科学者とか文学者とか経済学者とかピアニストとか金メダリストとかヴァイオリニストとかは、その専門分野に秀でているからそういう呼ばれ方をしているのであって、他の分野に秀でていることとか、聖人君子であることは、要件でもなんでもありません。
だからこそマッドサイエンティストとかが生まれてしまうわけです。たとえば「ナチスの命令に従ってそうやっただけだ」とか、しょうもない言い訳をして戦争犯罪者となりつつ、一生逃げ回ったメンゲレとか・・・。

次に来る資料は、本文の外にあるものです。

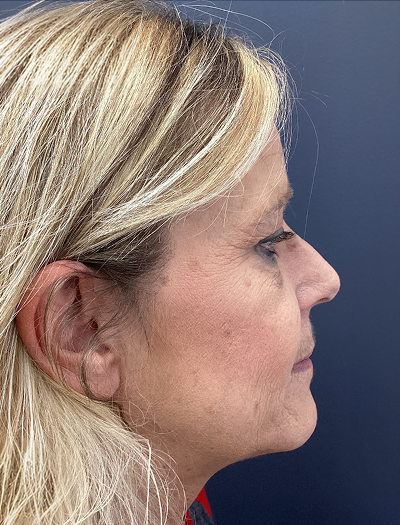 Rhinoplasty 1 Before Image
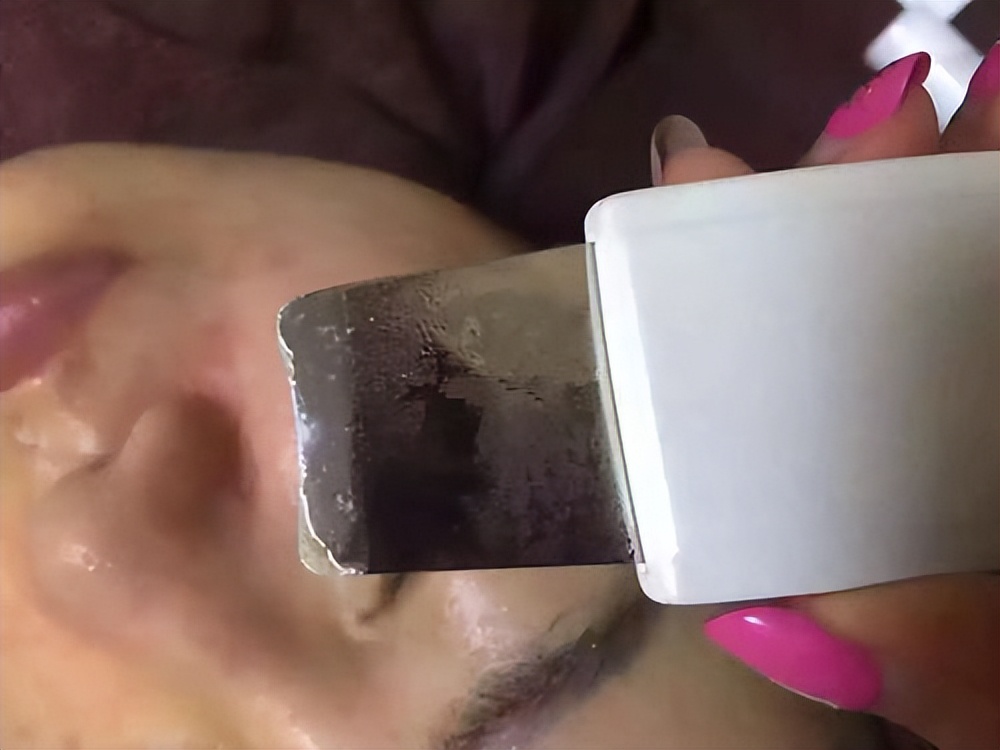 超微小气泡美容有用吗,美容院小气泡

音楽家もその楽器の演奏技術が卓越していて、それで食べていけるから「音楽家」と言われています。もちろん立派な人格であるに越したことはないのですが、音楽大学の教員がハラスメントの加害者になったりすることだってあるでしょうし、こんな事件もありました。
国際的なバイオリニストの諏訪内晶子さん(39)が東京国税局の税務調査を受け、2009年までの5年間に約7千万円の所得隠しを指摘されたことが12日、分かった。海外公演などの報酬を申告しておらず、重加算税を含めた追徴課税は約3千万円に上ったとみられる。諏訪内さんは既に修正申告したという。
関係者によると、諏訪内さんはCDの売り上げや公演料など国内の所得については申告していたが、海外で得た収入を申告しておらず、同国税局は仮装・隠蔽を伴う所得隠しに当たると判断したもようだ。経理ミスを合わせた申告漏れは約9千万円に上るとみられる。(日本経済新聞2011年7月12日記事「バイオリニスト・諏訪内さん、7000万円所得隠し 国税局指摘 海外公演などの報酬申告せず」より)
「海外で得た収入を申告しておらず」とあるのは、意図的なものでしょう。これを見ても、別に音楽家だからといって聖人君子であるわけではなく、そもそも大金を受け取ったら税の納付を免れようといろいろ知恵を巡らすのは、むしろ人間的だなーという感慨すら覚えます。それに、ワーグナーみたいにしょうもないエピソードばかりの奴だっていますし。
最近、ああこれは人間的だと思ったのが和波たかよしさんの『ヴァイオリンは見た』というエッセイ。視覚障害者としてのハンデを克服しつつ、東京とロンドンの二拠点でソリストとして活躍していた和波さん。多忙にもかかわらず、桐朋学園大学の非常勤講師として学生の指導という重責も担っていました。その傍らには、ピアニストであり妻でもある土屋美寧子さんが常に寄り添い、たまには衝突もしながら長い人生をともに歩んでくれていました。50代に差し掛かり(この本は1999年出版です)、自らのキャリアを振り返りつつも、未来に向けた展望を最終章で語っています。
ところが、
夢中で練習しているときに「マンションはいかがですか」などと見も知らぬセールスマンから電話がかかってきたりすると、思わず怒りに任せて受話器を叩きつけてしまい、後から「礼儀知らずの相手にこちらまで無礼になってはだめじゃないか」と自己嫌悪に陥ることもある。
ガクッ。さっきまでいい話をしていていい雰囲気で本が完結しそうだったのに、一気に現実に引き戻されました。私なら電話なんか絶対に無視しますし、練習中ともなればなおさらです。しかし和波さんはいい人なのか、正直者なのか、電話に出てしまった。その時点でセールスマンの術中にはまっているも同然であり、赤の他人の経済活動に協力してしまいました。でも「怒りに任せて受話器を叩きつけ」なんてやけに人間的で正直者すぎて、私は笑ってしまいました。